Minutes later, they found themselves watching those words come to life as the young Kerry pilot gutted it out ahead of the pre-race favourite Dynaste to stun to silence a crowd taken aback by this unheralded 20/1 shot.

“The man is a genius,” Reilly said of Martin.

Momentum is key at Cheltenham. No-one could have predicted, for example, Paul Nicholls would suffer such a barren week but Cooper and Martin are proof of how success can breed success.

Martin came to Cheltenham this year seeking his first winner since Dun Doire captured the William Hill Trophy in 2006, three years after breaking his duck with Xenophon in the Coral Cup. Now this: two in two days.

How does it feel?

“I don’t know what ye have over here,” he told one English reporter, “but we have Croke Park in September with 100,000 at an All-Ireland final and that’s what it is like coming here.”

It wasn’t all smooth sailing for him this week. Is it ever? Martin’s Bog Warrior started off a fancied runner in Thursday’s Ladbrokes World Hurdle but had to contend with a late change of jockey when Cooper replaced the injured Davy Russell and then the nine-year old got hurt coming down the hill.

“It’s the ups and downs of racing,” he said. “After the first (race on Thursday) I was ecstatic with the lads and then we were brought down to earth with poor Bog Warrior getting that injury.”

Ted Veale had given him cause for concern as well. “We started thinking about this race last year and after we had a few disappointments we decided to save him for the Boylesports in Leopardstown but things went against him. The ground was too soft and he travelled well to the last, like today, but didn’t get home in the ground. Thankfully it all worked out well and I was just hoping that he wouldn’t fall over at the last.”

He needn’t have worried.

As with Benefficient, Martin issued Cooper with specific instructions and the 20-year old from Tralee followed them to a tee with a ride that added greater lustre to his reputation.

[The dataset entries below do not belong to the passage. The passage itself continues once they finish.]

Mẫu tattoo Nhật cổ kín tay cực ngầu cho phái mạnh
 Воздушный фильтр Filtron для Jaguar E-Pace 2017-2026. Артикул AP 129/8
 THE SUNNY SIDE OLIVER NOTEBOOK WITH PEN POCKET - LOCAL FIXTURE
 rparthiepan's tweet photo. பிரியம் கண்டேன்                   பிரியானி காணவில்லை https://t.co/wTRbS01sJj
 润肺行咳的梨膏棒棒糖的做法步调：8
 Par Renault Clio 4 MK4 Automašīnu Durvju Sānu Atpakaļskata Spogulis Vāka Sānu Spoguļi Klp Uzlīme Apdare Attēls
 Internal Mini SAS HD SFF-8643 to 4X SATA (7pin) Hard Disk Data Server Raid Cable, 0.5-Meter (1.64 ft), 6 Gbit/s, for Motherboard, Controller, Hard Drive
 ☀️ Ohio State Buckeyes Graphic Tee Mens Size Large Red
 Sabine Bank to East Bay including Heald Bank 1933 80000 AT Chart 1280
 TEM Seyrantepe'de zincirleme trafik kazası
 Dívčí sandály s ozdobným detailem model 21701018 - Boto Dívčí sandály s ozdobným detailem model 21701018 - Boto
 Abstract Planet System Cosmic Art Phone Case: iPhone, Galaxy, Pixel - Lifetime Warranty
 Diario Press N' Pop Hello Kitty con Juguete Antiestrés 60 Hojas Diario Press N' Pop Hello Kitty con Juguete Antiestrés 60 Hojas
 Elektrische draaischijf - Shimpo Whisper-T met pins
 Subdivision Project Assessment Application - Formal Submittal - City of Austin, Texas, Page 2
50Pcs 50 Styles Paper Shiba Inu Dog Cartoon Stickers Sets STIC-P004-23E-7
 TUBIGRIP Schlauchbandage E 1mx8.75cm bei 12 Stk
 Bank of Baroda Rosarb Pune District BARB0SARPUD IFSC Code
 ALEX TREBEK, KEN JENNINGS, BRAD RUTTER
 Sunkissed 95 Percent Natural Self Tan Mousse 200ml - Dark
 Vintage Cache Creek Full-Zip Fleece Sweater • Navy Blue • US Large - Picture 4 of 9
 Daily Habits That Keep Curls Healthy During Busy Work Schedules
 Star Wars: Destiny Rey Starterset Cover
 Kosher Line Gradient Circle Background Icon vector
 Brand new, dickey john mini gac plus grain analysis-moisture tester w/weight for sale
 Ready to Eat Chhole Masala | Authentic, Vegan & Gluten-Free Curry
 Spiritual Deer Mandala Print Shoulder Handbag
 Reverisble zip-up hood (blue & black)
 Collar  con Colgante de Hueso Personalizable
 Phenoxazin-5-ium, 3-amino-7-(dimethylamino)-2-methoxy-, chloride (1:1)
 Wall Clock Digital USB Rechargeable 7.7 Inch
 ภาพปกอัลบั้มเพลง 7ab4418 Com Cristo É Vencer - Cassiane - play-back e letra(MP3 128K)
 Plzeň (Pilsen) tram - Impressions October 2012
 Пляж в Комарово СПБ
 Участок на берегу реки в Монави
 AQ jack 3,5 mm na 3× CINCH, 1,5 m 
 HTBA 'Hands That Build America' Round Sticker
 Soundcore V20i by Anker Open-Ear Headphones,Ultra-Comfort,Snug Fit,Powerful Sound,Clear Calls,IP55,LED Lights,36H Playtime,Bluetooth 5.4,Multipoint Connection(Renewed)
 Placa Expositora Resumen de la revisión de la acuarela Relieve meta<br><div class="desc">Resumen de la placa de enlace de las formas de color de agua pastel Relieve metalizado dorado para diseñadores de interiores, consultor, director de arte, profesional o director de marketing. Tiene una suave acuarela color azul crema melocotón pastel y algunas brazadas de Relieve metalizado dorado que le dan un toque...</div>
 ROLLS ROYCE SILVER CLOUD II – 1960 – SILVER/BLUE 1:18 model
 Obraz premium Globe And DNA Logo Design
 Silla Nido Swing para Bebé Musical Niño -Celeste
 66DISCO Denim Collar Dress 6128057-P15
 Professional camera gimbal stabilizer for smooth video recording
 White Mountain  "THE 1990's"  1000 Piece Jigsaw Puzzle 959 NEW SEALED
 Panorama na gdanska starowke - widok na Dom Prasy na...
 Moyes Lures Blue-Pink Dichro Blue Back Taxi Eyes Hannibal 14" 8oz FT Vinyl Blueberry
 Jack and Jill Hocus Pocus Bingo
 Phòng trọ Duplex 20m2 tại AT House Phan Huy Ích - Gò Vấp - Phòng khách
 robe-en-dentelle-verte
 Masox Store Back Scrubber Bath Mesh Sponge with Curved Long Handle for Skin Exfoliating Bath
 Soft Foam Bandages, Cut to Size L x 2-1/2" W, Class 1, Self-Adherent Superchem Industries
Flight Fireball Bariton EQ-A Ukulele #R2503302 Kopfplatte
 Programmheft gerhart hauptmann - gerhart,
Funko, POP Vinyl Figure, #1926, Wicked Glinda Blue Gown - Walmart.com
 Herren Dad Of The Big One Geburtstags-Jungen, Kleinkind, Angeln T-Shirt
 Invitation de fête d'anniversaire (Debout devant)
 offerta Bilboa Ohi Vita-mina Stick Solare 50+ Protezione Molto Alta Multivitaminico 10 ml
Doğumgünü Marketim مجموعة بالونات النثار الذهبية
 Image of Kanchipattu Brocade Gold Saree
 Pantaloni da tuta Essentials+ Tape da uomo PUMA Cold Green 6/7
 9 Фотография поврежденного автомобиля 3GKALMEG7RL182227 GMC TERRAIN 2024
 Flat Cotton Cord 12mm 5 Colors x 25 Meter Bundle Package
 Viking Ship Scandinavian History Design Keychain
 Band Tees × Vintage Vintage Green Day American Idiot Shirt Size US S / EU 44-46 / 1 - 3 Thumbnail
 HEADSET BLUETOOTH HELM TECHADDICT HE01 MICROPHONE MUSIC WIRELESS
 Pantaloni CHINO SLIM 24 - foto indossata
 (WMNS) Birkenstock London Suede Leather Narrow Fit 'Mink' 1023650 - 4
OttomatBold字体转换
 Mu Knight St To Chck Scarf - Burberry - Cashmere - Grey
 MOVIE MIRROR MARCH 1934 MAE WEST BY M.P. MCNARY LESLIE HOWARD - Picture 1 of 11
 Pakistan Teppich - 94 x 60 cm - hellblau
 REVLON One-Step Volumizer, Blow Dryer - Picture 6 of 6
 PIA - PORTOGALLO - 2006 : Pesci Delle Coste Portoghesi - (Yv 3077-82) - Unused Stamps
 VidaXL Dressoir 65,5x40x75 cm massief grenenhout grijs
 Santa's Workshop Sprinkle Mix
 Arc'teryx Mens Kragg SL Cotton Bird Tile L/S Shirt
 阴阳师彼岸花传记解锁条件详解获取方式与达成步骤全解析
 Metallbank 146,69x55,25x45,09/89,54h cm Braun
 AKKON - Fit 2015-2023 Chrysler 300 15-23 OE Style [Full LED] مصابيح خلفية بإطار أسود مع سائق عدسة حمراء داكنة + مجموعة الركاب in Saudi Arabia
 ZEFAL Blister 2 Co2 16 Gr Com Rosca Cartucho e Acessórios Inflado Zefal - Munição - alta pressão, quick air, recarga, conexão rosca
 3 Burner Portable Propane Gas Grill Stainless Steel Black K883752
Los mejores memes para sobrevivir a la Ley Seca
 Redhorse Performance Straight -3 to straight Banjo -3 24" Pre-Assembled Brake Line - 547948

“Bryan gave him a great ride,” Martin said, his voice by now barely discernible. “He is riding with supreme confidence. I said (Thursday) he is the new kid on the block and it is great to have him.

“We have used him for a while now and you could always see the potential, the championship rider, in him. You have Ruby and Geraghty and Russell and Carberry who haven’t too long left but this fella is only on the way up. I was fortunate enough to have Walsh and Carberry work for me for a long time. I’m not writing them off but I would hope to be able to secure this fella’s services for a little while longer.”